*** Dataset records Section Begins ***

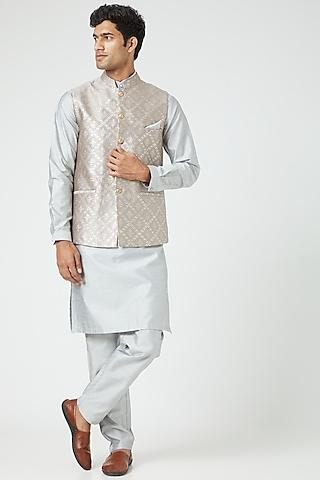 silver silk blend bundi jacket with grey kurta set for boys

*** Dataset records Section Ends ***
*** Dataset records Section Begins ***

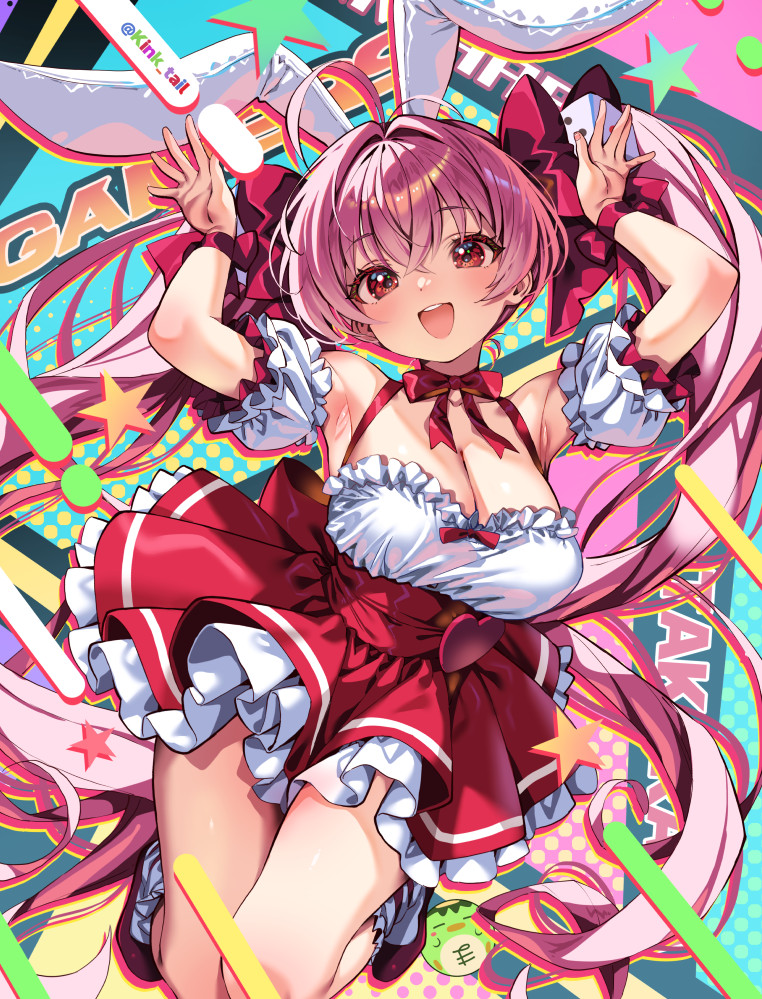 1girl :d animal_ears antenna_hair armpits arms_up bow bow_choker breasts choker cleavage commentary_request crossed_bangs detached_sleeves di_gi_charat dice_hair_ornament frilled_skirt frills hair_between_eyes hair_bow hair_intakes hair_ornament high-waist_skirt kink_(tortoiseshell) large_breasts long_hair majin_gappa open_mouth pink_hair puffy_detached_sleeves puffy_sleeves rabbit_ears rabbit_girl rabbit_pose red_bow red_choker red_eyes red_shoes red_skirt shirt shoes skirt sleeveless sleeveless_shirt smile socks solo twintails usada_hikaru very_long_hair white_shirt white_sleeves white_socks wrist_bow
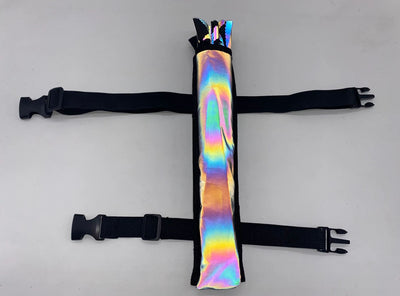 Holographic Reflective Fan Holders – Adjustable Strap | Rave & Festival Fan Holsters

*** Dataset records Section Ends ***
*** Dataset records Section Begins ***

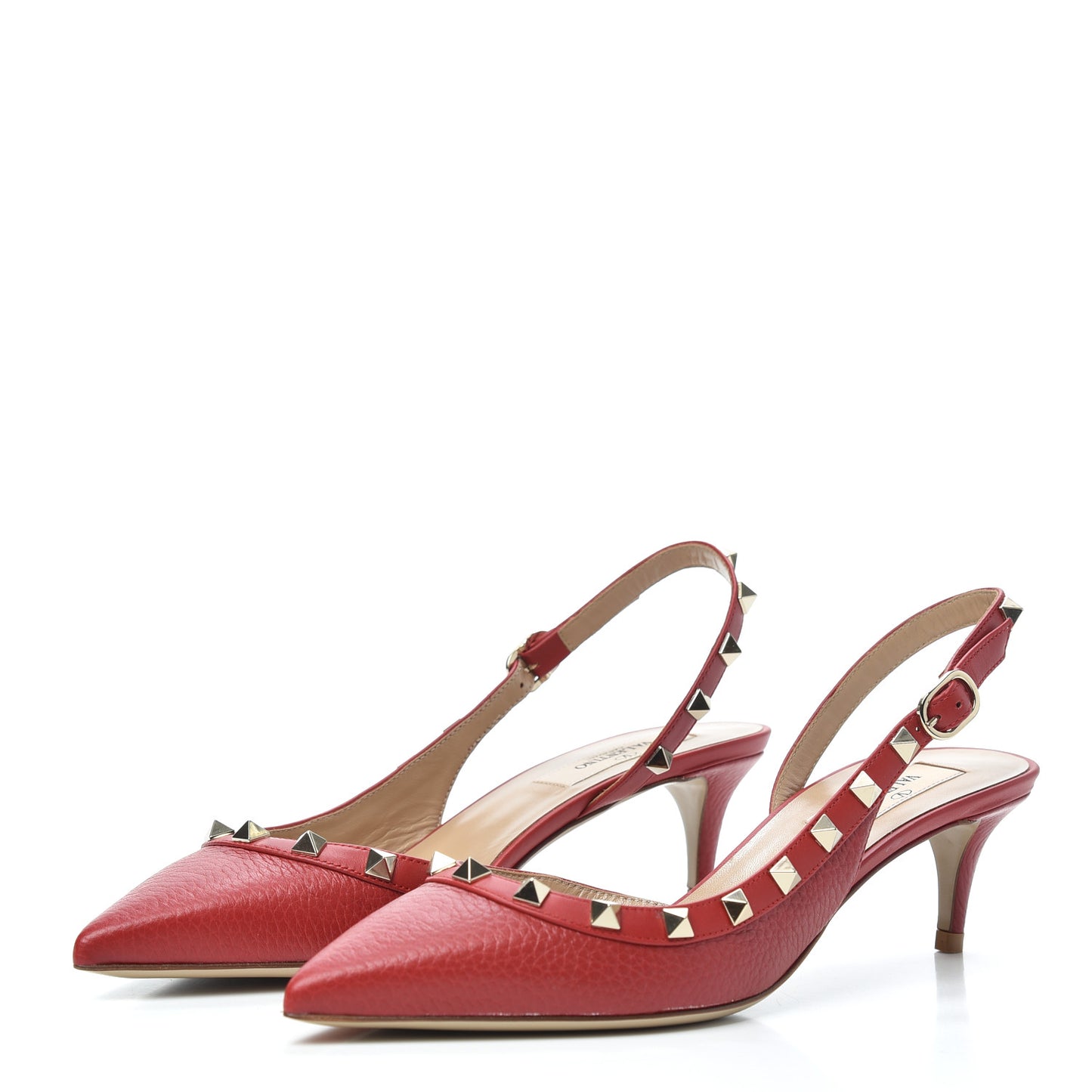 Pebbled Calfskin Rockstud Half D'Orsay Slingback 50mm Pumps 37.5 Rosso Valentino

*** Dataset records Section Ends ***

# Work request
Go to the line above holding "1girl :d animal_ears", then copy exactly each line down to and including the one holding "Holographic Reflective Fan", leaving pictures out.

# Task result
 1girl :d animal_ears antenna_hair armpits arms_up bow bow_choker breasts choker cleavage commentary_request crossed_bangs detached_sleeves di_gi_charat dice_hair_ornament frilled_skirt frills hair_between_eyes hair_bow hair_intakes hair_ornament high-waist_skirt kink_(tortoiseshell) large_breasts long_hair majin_gappa open_mouth pink_hair puffy_detached_sleeves puffy_sleeves rabbit_ears rabbit_girl rabbit_pose red_bow red_choker red_eyes red_shoes red_skirt shirt shoes skirt sleeveless sleeveless_shirt smile socks solo twintails usada_hikaru very_long_hair white_shirt white_sleeves white_socks wrist_bow
 Holographic Reflective Fan Holders – Adjustable Strap | Rave & Festival Fan Holsters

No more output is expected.